Summary
Applied Materials (AMAT) reported a significant downturn in its third fiscal quarter of 2009, reflecting the severe impact of the global economic crisis on the semiconductor and display industries. Net sales for the quarter ending April 25, 2009, were $1.02 billion, a sharp decrease from $2.15 billion in the same period last year. The company incurred a net loss of $255.4 million, or $0.19 per diluted share, a stark contrast to the net income of $302.5 million, or $0.22 per diluted share, achieved in the prior year's quarter. This downturn was primarily driven by substantially reduced demand for manufacturing equipment and services across all segments, particularly in the Silicon and Display sectors, compounded by challenging conditions in the Energy and Environmental Solutions segment. Despite the challenging top-line performance, the company incurred significant charges, including $77 million in impairment charges related to equity and strategic investments, $47 million in inventory-related charges, and $27 million in restructuring and asset impairment charges, totaling $151 million in pre-tax charges impacting the quarter's results. The company's backlog also saw a notable decrease, reflecting ongoing market uncertainty. Management indicated that industry conditions are expected to remain challenging for the remainder of fiscal 2009, with a limited ability to forecast customer demand.
Financial Highlights
28 data points| Revenue | $1.02B |
| Cost of Revenue | $864.56M |
| Gross Profit | $155.52M |
| R&D Expenses | $236.34M |
| Operating Expenses | $448.80M |
| Operating Income | -$293.28M |
| Interest Expense | $5.06M |
| Net Income | -$255.39M |
| EPS (Basic) | $-0.19 |
| EPS (Diluted) | $-0.19 |
| Shares Outstanding (Basic) | 1.33B |
| Shares Outstanding (Diluted) | 1.33B |
Key Highlights
- 1Net sales for the quarter ending April 25, 2009, plummeted to $1.02 billion, down 53% year-over-year from $2.15 billion, reflecting a severe downturn in customer demand.
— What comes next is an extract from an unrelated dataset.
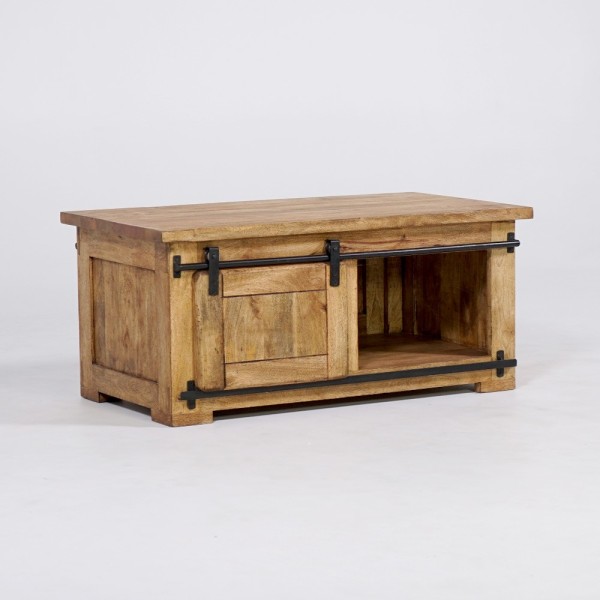 Industrieller Couchtisch aus Holz und Metall 100cm - Paris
- 2The company reported a net loss of $255.4 million ($0.19 per diluted share) for the quarter, a significant decline from a net income of $302.5 million ($0.22 per diluted share) in the prior year's quarter.
- 3Gross margin percentage dropped significantly to 15.2% from 45.0% year-over-year, impacted by lower sales, unfavorable product mix, reduced factory absorption, and inventory charges.
- 4Significant impairment and restructuring charges were recorded, totaling $166 million pre-tax in the quarter, including $77 million for investment impairments, $47 million for inventory-related charges, and $27 million for restructuring and asset impairments.
- 5New orders saw a drastic 73% decrease to $649 million compared to $2.41 billion in the prior year's quarter, indicating a severe slowdown in customer commitment.
- 6The company's backlog stood at $3.2 billion as of April 26, 2009, a decrease from $4.8 billion at the end of the previous fiscal year.
- 7Operating losses were reported in the Silicon ($96 million) and Energy and Environmental Solutions ($93 million) segments, with the Applied Global Services segment narrowly missing profitability with a $1 million loss.